Fecha: 27 de Noviembre de 2015

Tribunal: TSJ Castilla y Leon

Ponente: ZATARAIN VALDEMORO, FRANCISCO JAVIER

Nº de sentencia: 2720/2015

Núm. Cendoj: 47186330032015100773

Núm. Ecli: ES:TSJCL:2015:5821

Resumen:
ADMINISTRACION TRIBUTARIA Y FINANCIERA

Encabezamiento

T.S.J.CASTILLA-LEON CON/AD

VALLADOLID

SENTENCIA: 02720/2015

TRIBUNAL SUPERIOR DE JUSTICIA DE CASTILLA Y LEON

Sala de lo Contencioso-Administrativo

Sección : 003

VALLADOLID

-

N11600

C/ ANGUSTIAS S/N

N.I.G:47186 33 3 2013 0101043

Procedimiento: PO PROCEDIMIENTO ORDINARIO 0000658 /2013 /

Sobre:ADMINISTRACION TRIBUTARIA Y FINANCIERA

De D./ña.NOVAELEC SISTEMAS, S.L

LETRADOALVARO ANGEL VIÑAS ARIAS

PROCURADORD./Dª. LAURA SANCHEZ HERRERA

ContraD./Dª. TEAR

LETRADOABOGADO DEL ESTADO

SENTENCIA Nº 2720

ILMOS. SRES.

MAGISTRADOS:

D. AGUSTÍN PICÓN PALACIO.

D.ª MARÍA ANTONIA DE LALLANA DUPLÁ.

D. FRANCISCO JAVIER PARDO MUÑOZ.

D. FRANCISCO JAVIER ZATARAÍN Y VALDEMORO.

En Valladolid, a veintisiete de noviembre de dos mil quince.

Visto por esta Sección Tercera de la Sala de lo Contencioso-administrativo del Tribunal Superior de Justicia de Castilla y León, con sede en Valladolid, el presente proceso en el que se impugna:

La Resolución del Tribunal Económico Administrativo Regional de Castilla y León con sede en Valladolid, de veintisiete de marzo de dos mil trece, por la que se desestiman las reclamaciones económico-administrativas acumuladas números NUM000 y NUM001 , referidas a las declaraciones del Impuesto sobre el Valor Añadido de los años dos mil siete y dos mil ocho e imposición de sanción.

Son partes en dicho proceso: de una y en concepto de demandante, la compañía 'NOVAELEC SISTEMAS, S.L.', defendida por el Letrado don Álvaro Ángel Viñas Arias y representada por la Procuradora de los Tribunales doña Laura Sánchez Herrera; y de otra, y en concepto de demandada, la AGENCIA ESTATAL DE ADMINISTRACIÓN TRIBUTARIA, defendida y representada por la Abogacía del Estado; siendo Ponente el Ilmo.
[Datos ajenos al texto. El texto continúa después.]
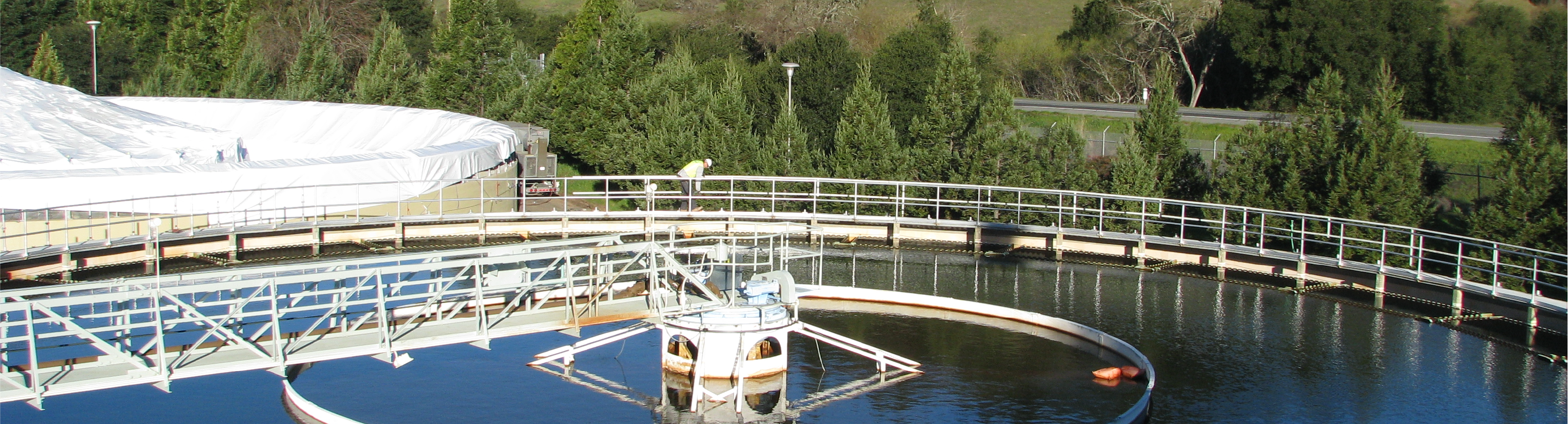 San Geronimo treatment plant clarifiers with green hill in the background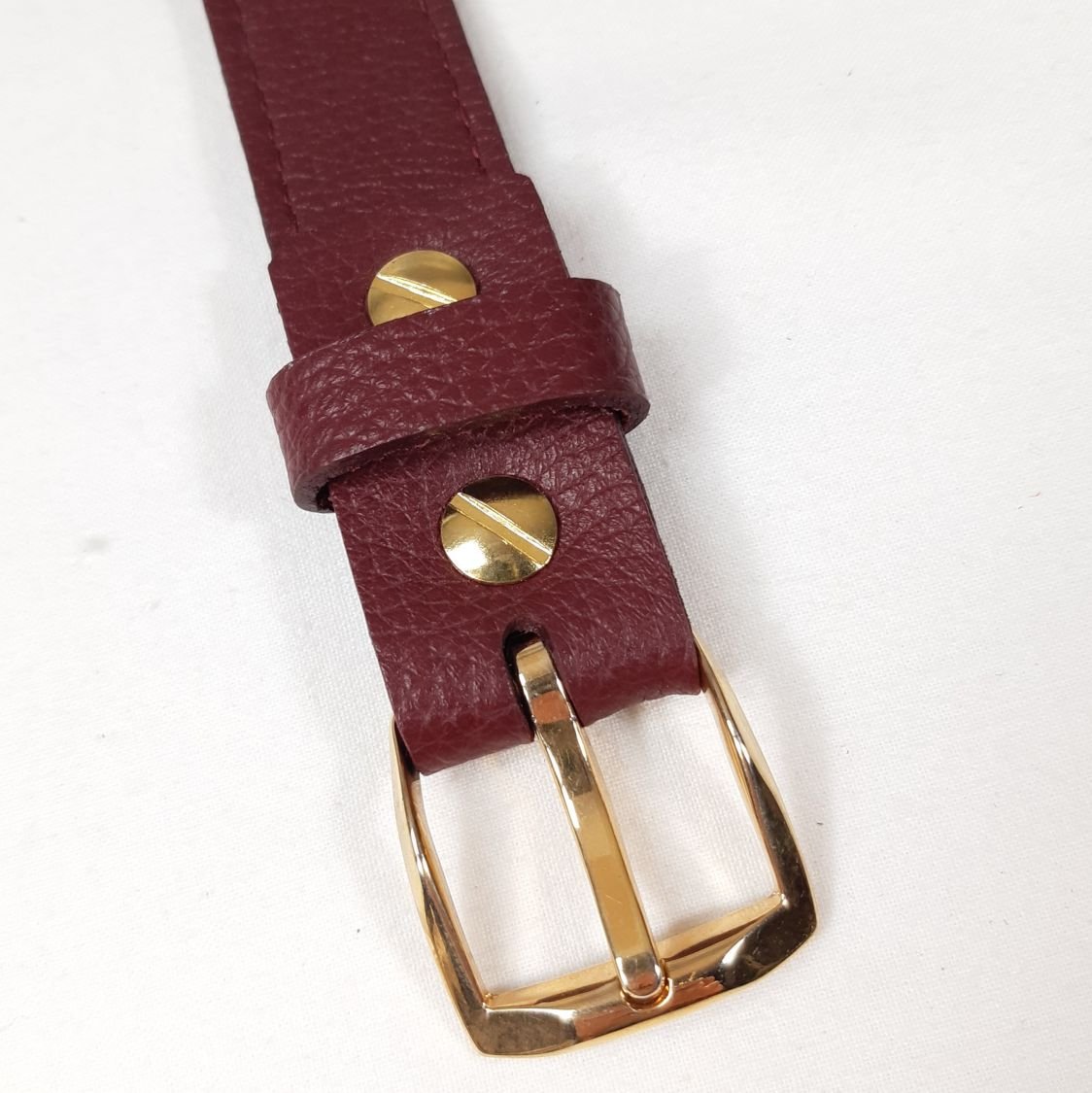 Ceinture pour Elle, cuir de vachette grainé tannage minéral coloris bordeaux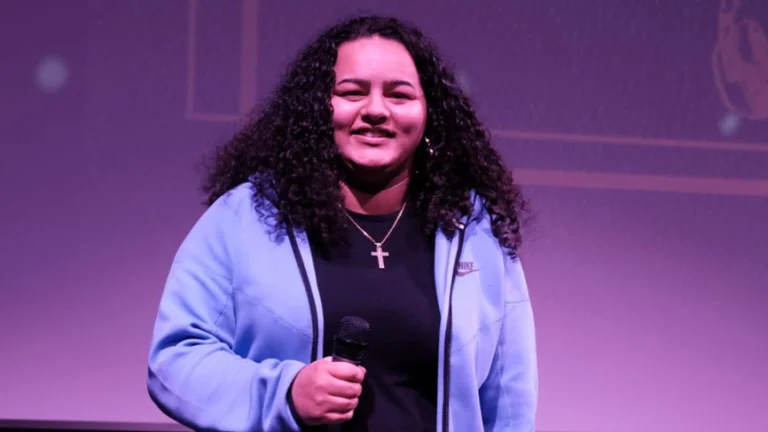 A young woman on stage holding a microphone 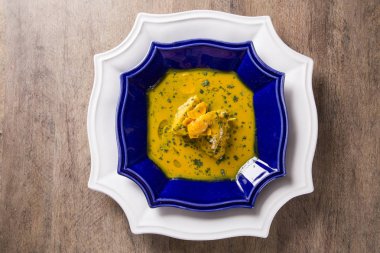 Ahşap bir masa üzerinde tavuk ile Pequi meyve. Frango com pequi.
Sr. Magistrado don FRANCISCO JAVIER ZATARAÍN Y VALDEMORO, quien expresa el parecer de la Sala.

Antecedentes

Primero.- Interpuesto y admitido a trámite el presente proceso y ¬recibido el expediente administrativo, la parte recurrente dedujo demanda en ¬que, con base en los hechos y fundamentos de derecho que se tuvieron por convenientes, solicitó de este Tribunal que se dictase sentencia «por la que se acuerde anular y dejar sin efecto la resolución impugnada y en consecuencia se anulen los acuerdos de liquidación e imposición de sanción de los que trae causa, condenando a la Administración demandada a la devolución de las cantidades pagadas, incrementada con los intereses correspondientes. Todo ello con expresa imposición de costas a la Administración demandada». Por otrosí, se interesó el recibimiento a prueba del proceso.

SEGUNDO.- En el escrito de contestación, con base en los hechos y fundamentos de derecho expresados en el mismo, se solicitó de este Tribunal se dictase sentencia que desestimase las pretensiones de la parte actora.

TERCERO.- El procedimiento se recibió a prueba, desarrollándose la misma con el resultado que obra en autos.

CUARTO.- Conferido traslado a las partes para presentar conclusiones, se evacuó el trámite por ambas, se señaló para votación y fallo el día 26.11.2015.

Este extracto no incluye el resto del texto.